Geçtiğimiz hafta sonu, zaman aşımında hiç rağbet görmeyen Dünya 3’üncü Dış Türkler Kongresi tamamlandı. Geçmiş yıllarda yapılan Kongreler üzerine yazılar yazdım. Bu kongrelerin ne kadar anlamsız, göstermelik ve işe yaramaz olduklarının altını çizen yazılardı bunlar. Bu yıl yapılan kongre hakkında birşey yazmamaya kararlıydım ama yapamadım. Kongre sonuç bildirgesini okuyunca yine bilgisayarımın karşısına oturdum. Bu konuda yazmamın diğer sebebi de Londra’da düzenlenen Birleşik Kıbrıs Platformunun etkinliği ile Kongre arasında karşılaştırma yapma isteğimden kaynaklanıyor.

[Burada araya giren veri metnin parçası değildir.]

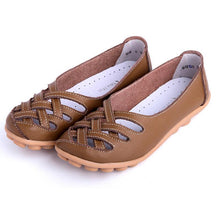Load image into Gallery viewer, Hollow-Out Split Leather Slip-On Women&#39;s Flats
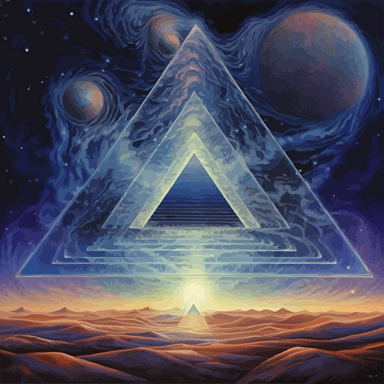 An image of a dream that is like an illusion of infinitesimal parallel displacement at the vector of a variant space contracting into a tensor of a divergent observation of the veil of maya and tranquility of positive virtue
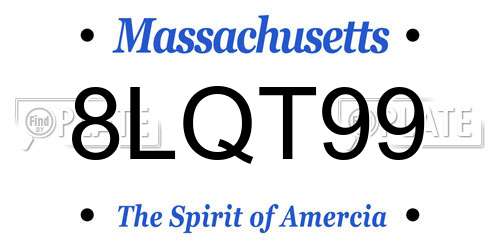 8LQT99 Massachusetts License Plate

Kongre, her yıl olduğu gibi konforlu, lüks bir otelde yapıldı. Delegelere yemekler, kokteyller verildi. Bol bol nutuklar atıldı, ve bir delegenin ifadesiyle kendilerine “tarih dersleri” verildi. Ve delegeler bir yıl sonra tekrar buluşmak üzere uğurlandı. Kongrenin her yıl olduğu gibi bu yıl da birçok eksiklikleri oldu. Oldu ama göstermelik etkinlikler bunlara aldırmaz. Potansiyel olarak çok önemli ve verimli bir buluşma olabilir aslında diasporada yaşayan Kıbrıslı Türkleri biraraya getirmek. Ancak yıllarca yapılan etkinliklerde olduğu gibi amaç sorunlarımıza çözüm üretmek değil de, çürümüş, köhne görüşleri bizlere empoze etmekse, bizlere tarih dersleri vermekse hiçbiryere varılamaz.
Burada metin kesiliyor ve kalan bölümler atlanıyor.